The moment I got off the metro station at Abesses and realised I had been stolen quite a high sum of cash and the credit cards I was carrying with me I felt completely numb. The sense of vulnerability and loss didn't hit me but afterwards when Police refused to take my complaint because I was a non-resident and "my" Embassy let me down once they would only be able to help had I been stolen my passport, which I hadn't. This is just to put it mildly because the unbelievable sequence of almost ridiculous dialogues with any of the previously mentioned parties might be worth written in book format.
I was on my way to Uzbekistan ... a trip I had longed for and fought for by putting money aside every month ... and the truth was all I could think of then was what had happened to me and not what might happen during that trip of a life time. C. gently provided me with the necessary money to cope with the situation, upon my request, and despite the fact that his gesture will always remain in my heart, it was everybody else's absence of compassion and sympathy I couldn't get rid of then.

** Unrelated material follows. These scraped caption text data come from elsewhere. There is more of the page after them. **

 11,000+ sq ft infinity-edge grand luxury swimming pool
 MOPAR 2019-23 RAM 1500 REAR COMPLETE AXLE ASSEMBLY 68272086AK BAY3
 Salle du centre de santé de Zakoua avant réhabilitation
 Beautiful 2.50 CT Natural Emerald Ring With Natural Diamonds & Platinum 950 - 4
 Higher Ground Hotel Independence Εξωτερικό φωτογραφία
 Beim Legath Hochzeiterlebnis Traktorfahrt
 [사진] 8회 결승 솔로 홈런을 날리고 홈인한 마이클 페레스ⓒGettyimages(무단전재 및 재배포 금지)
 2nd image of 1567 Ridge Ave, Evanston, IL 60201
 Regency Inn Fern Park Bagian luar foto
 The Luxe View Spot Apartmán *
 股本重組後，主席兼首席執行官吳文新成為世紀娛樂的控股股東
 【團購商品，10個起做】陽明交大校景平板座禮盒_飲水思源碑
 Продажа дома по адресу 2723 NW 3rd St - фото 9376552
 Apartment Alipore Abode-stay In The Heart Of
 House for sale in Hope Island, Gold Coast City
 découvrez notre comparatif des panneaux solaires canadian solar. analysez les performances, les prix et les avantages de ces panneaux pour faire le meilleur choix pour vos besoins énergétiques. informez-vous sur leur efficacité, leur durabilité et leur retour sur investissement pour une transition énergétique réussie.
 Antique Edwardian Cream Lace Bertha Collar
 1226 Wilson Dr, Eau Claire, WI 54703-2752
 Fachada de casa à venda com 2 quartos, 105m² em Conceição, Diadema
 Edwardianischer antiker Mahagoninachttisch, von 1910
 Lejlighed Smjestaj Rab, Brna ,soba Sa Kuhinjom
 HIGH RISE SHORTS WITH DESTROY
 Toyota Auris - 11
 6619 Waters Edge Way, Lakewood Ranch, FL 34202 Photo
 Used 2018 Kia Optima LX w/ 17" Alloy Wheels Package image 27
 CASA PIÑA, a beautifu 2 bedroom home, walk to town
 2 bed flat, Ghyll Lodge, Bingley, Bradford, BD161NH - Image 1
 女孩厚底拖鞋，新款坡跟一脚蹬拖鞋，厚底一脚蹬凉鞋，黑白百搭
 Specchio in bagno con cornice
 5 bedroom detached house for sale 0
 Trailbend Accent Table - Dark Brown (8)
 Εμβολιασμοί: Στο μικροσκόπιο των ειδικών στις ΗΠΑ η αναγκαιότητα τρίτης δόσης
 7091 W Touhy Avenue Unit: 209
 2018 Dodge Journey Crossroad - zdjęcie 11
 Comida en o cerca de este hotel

I lost a full day and a half walking around from place to place, whilst phoning in a desperate attempt to sort some things out and yet throughout the whole process in the back of my mind I kept on rewinding the sequence of events from the moment I first (and last) used the wallet in Paris (still at Orly airport) and the one I realised it was gone (two hours afterwards). It just made no sense because at no particular moment did I feel anyone close enough to be able to have taken the wallet without me noticing it.
I should have been able to put away those thoughts of hopelessness and enjoy Paris but I just couldn't. My flight to Ourgentch was at nine in the evening but I was at Charles de Gaule airport at eleven in the morning, as if wanting to anticipate the next "phase" and fly away from there as soon as possible. I have only been stolen money and my documents twice and both of those times were in France. This time was harder, not necessarily because of being on my own and dependant but furthermore because I realised those who should have sympathised with me and the unfortunate circumstance I found myself in were not up to their duties, at least the ones they have undoubtedly been trained for ... (I can just vaguely wonder what it might have been like had I not been able to speak French).